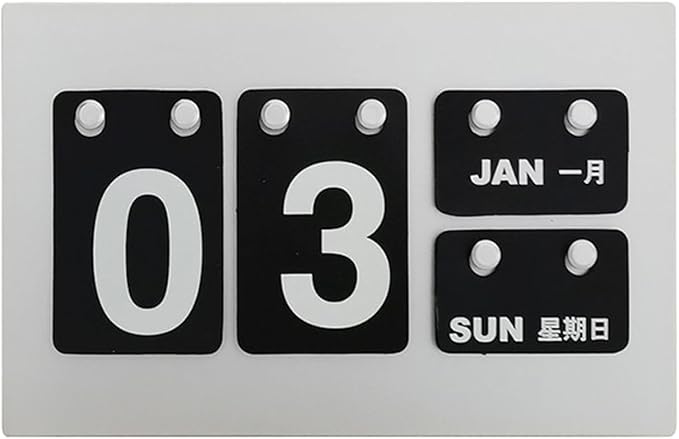 Calendar for Desk, Daily Desktop Perpetual Desk Calendar, Cute Date Display Desk Accessory for Home Office Decor, Teacher, Classroom, Reusable Yearly (BLACK)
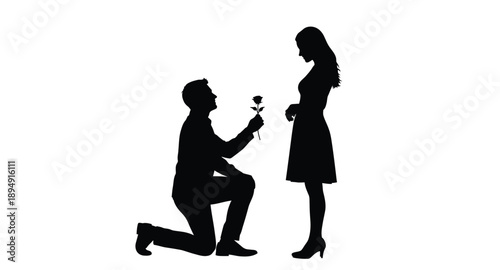 A silhouetted scene of a man proposing to a woman with a rose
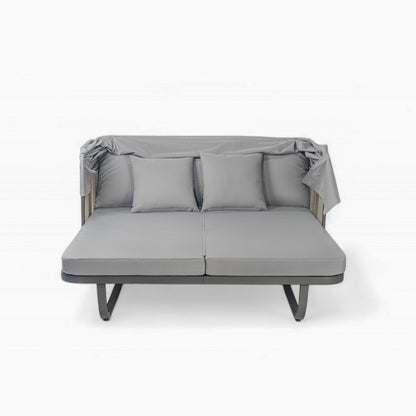 Outdoor Patio Daybed Rattan Daybed Outdoor Sunbed With Detachable Pillows For Patio, Backyard, Pool - Gray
------
§ Action item
Every line of the listing above is to be retyped exactly, but the pictures are to be dropped.

§ Task output
 Calendar for Desk, Daily Desktop Perpetual Desk Calendar, Cute Date Display Desk Accessory for Home Office Decor, Teacher, Classroom, Reusable Yearly (BLACK)
 A silhouetted scene of a man proposing to a woman with a rose
 Outdoor Patio Daybed Rattan Daybed Outdoor Sunbed With Detachable Pillows For Patio, Backyard, Pool - Gray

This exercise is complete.